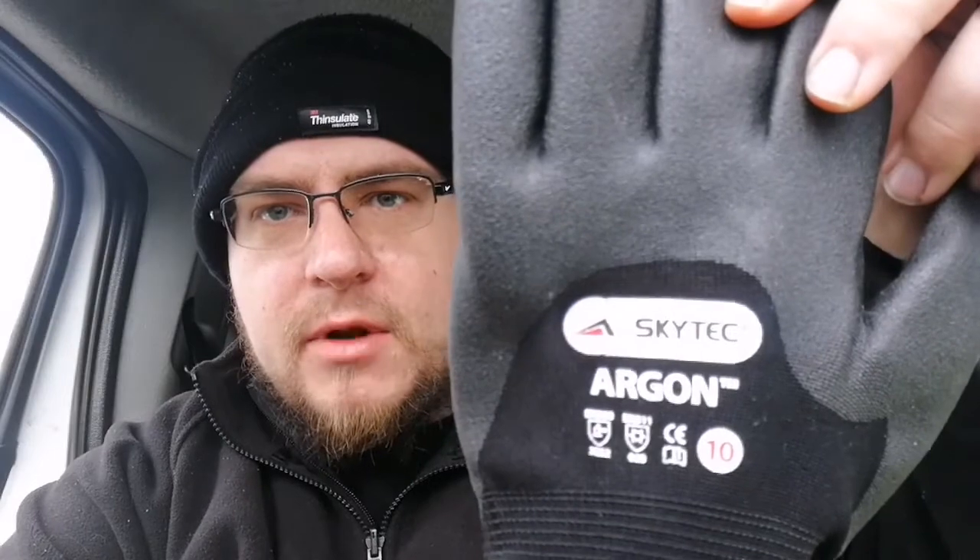So I went into Woody's — and Homebase has them as well — and I got the Argan Skytech gloves. They're absolutely fantastic. They're completely waterproof and there is a wool lining inside of them so you keep nice and warm. And the nice thing about them is you can grip the pole completely around. You don't have that feeling that the pole is going to fall out of your hand any minute.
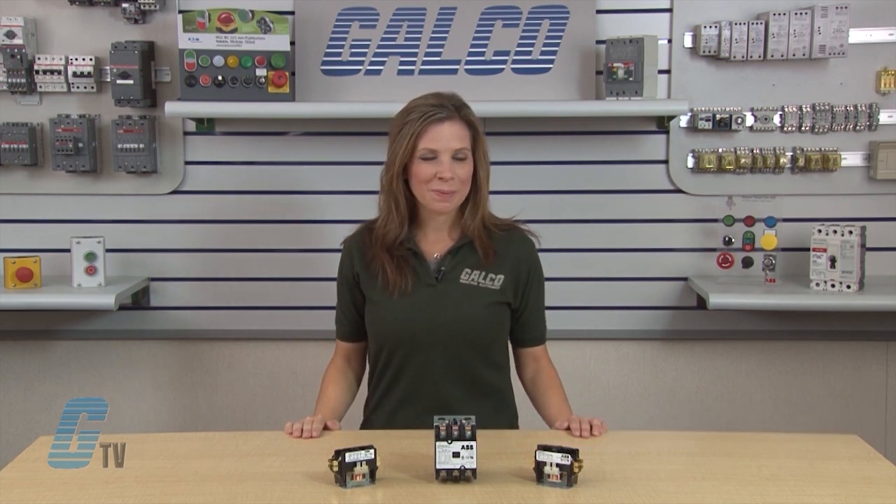Welcome to G-TV. Today we'll be looking at ABB's Definite Purpose Contactors.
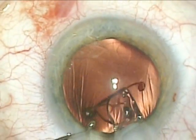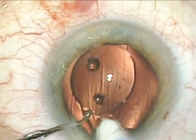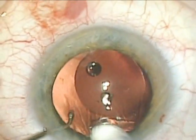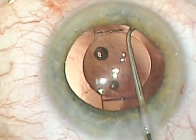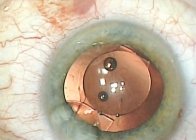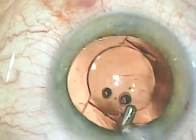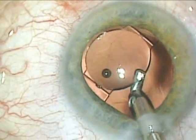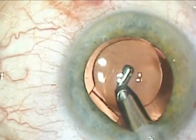I begin to inject the lens with the cartridge. You can do this as a one-step technique by positioning the trailing haptic as it comes out of the injector into the capsular bag. I then move the lens into position and perform irrigation aspiration to remove the viscoelastic both behind the lens and in front of the lens. I hope that you found this video useful and that you will enjoy inserting the Crystalline 5.0.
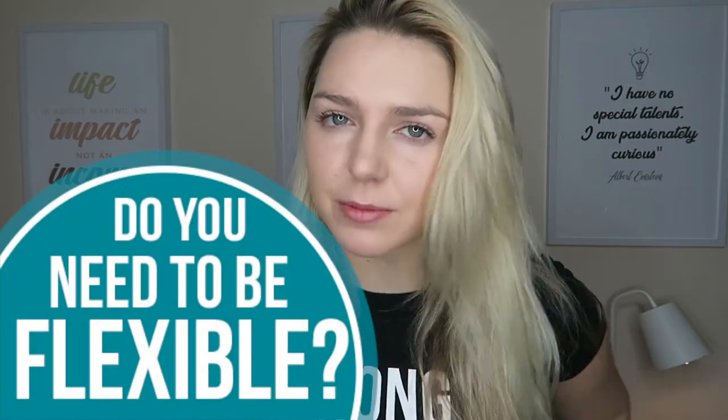Hello beautiful, strong, happy and healthy people. So do you need to be flexible in order to start Jiu-Jitsu? This is one of the main excuses I get from a lot of people saying, 'Oh, I'll do martial arts but I'm just not flexible enough.' But do you really need to be flexible in order to start?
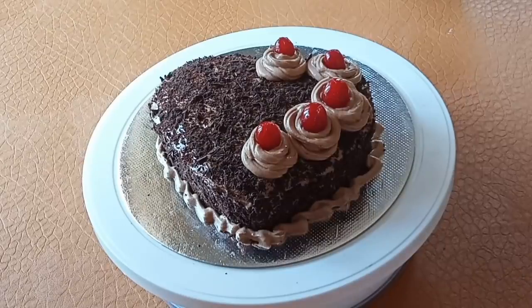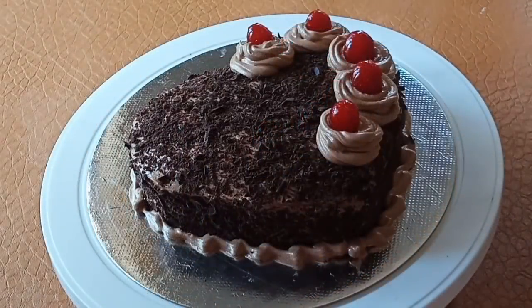We will set the cake in the fridge. We will cut the cake. Please like and share the recipe for all of you — please like and share it.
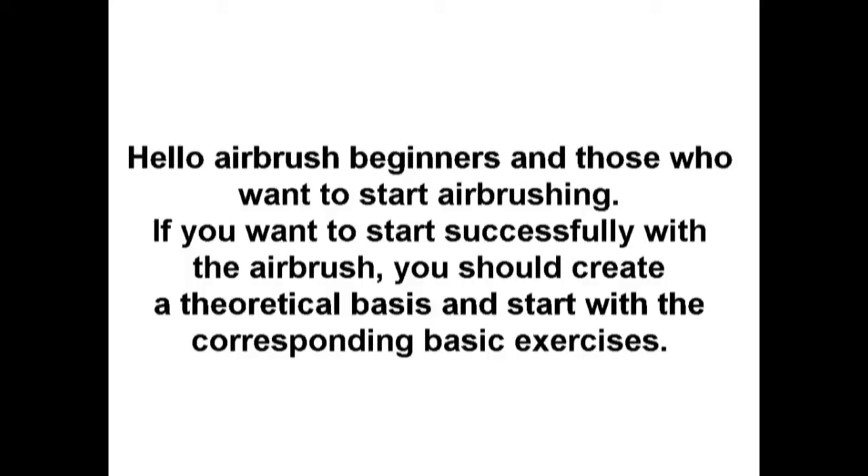Hello airbrush beginners and those who want to start airbrushing. If you want to start successfully with the airbrush, you should create a theoretical foundation and start with the course for basic exercises.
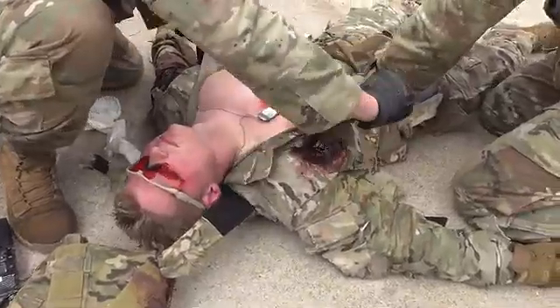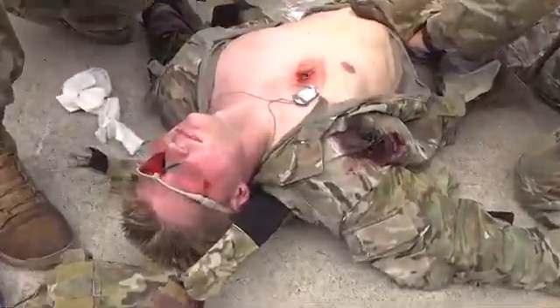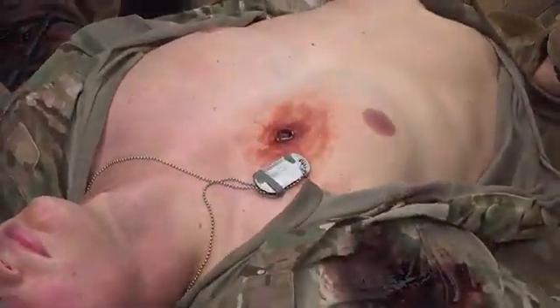Hello, I'm Brianna, an Air Force medic. I'll be teaching you how to perform a bilateral needle decompression of the chest. It is performed in a casualty with significant torso trauma or polytrauma with no pulse or respirations in the tactical field care phase.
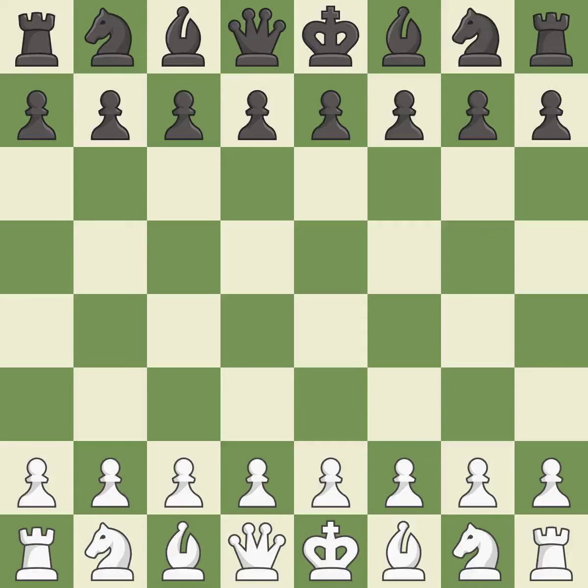Balanced — neither player ever had an advantage. That game was pretty competitive. White played the opening well, but black was on another level. That was an incredible middle game by both players.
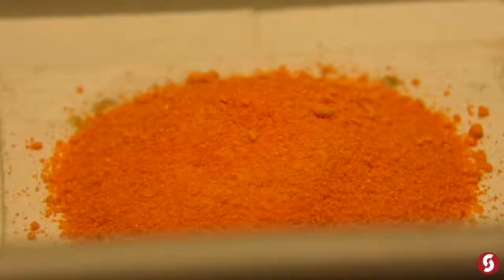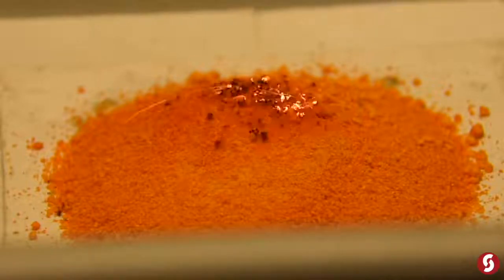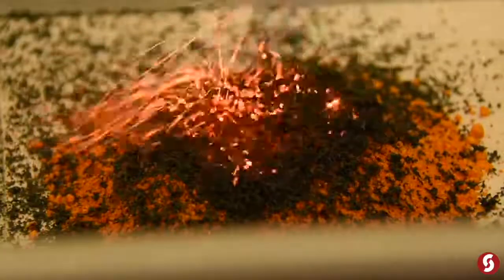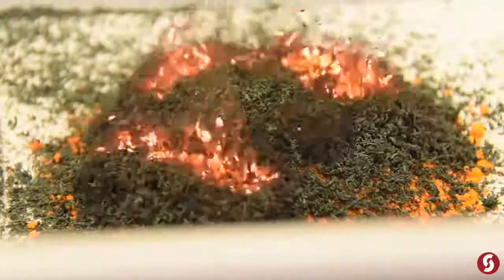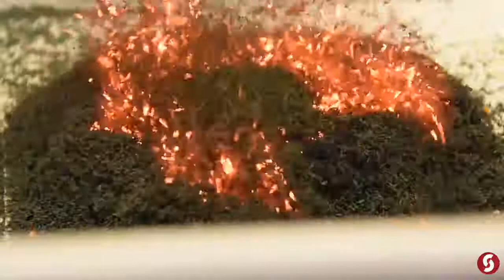Why don't we do another one, except way bigger than that — because that's what we do on Science with Mike. Hopefully we'll have a little bit easier time lighting it. I don't have it in a closed container. Yeah, I think we got it started.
____
### Required work
Print the material above word for word, first line through the line with "Welcome to G-TV.", and leave every picture out.

### Solution for this task
So I went into Woody's — and Homebase has them as well — and I got the Argan Skytech gloves. They're absolutely fantastic. They're completely waterproof and there is a wool lining inside of them so you keep nice and warm. And the nice thing about them is you can grip the pole completely around. You don't have that feeling that the pole is going to fall out of your hand any minute.
Welcome to G-TV. Today we'll be looking at ABB's Definite Purpose Contactors.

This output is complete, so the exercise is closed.